__Exercise brief__:
Once the line with "My name is Braden" is found in the entries below, repeat it and each following line exactly, up to and including the line with "We break build". Add no other lines.

═════ Material supplied

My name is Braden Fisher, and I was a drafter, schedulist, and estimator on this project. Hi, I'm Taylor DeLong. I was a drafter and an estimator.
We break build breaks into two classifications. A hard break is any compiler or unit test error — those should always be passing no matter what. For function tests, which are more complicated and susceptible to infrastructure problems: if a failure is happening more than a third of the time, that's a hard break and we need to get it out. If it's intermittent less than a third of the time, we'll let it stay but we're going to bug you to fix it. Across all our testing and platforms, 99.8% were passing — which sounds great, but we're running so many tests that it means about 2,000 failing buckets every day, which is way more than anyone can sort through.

══════════
═════ Material supplied

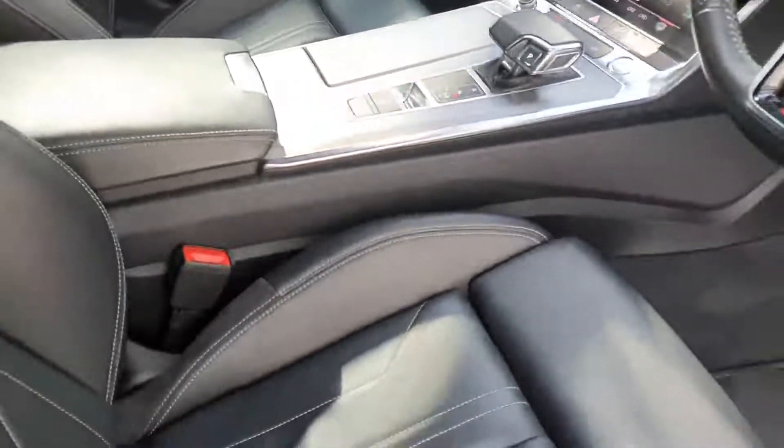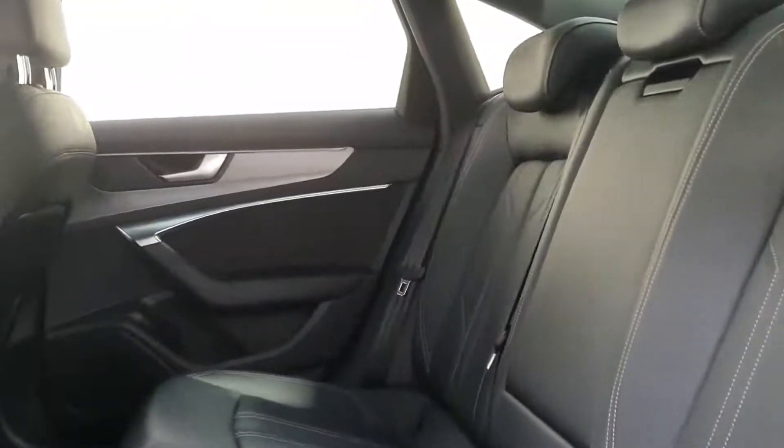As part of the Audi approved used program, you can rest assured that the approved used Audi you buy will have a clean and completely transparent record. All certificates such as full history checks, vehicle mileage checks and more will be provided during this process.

══════════
═════ Material supplied

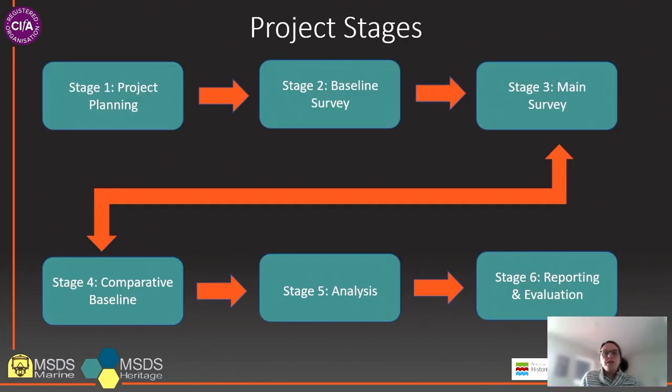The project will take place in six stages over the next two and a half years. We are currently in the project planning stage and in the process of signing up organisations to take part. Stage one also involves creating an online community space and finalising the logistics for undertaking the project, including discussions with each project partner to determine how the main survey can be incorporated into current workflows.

══════════

__Solved problem__:
My name is Braden Fisher, and I was a drafter, schedulist, and estimator on this project. Hi, I'm Taylor DeLong. I was a drafter and an estimator.
We break build breaks into two classifications. A hard break is any compiler or unit test error — those should always be passing no matter what. For function tests, which are more complicated and susceptible to infrastructure problems: if a failure is happening more than a third of the time, that's a hard break and we need to get it out. If it's intermittent less than a third of the time, we'll let it stay but we're going to bug you to fix it. Across all our testing and platforms, 99.8% were passing — which sounds great, but we're running so many tests that it means about 2,000 failing buckets every day, which is way more than anyone can sort through.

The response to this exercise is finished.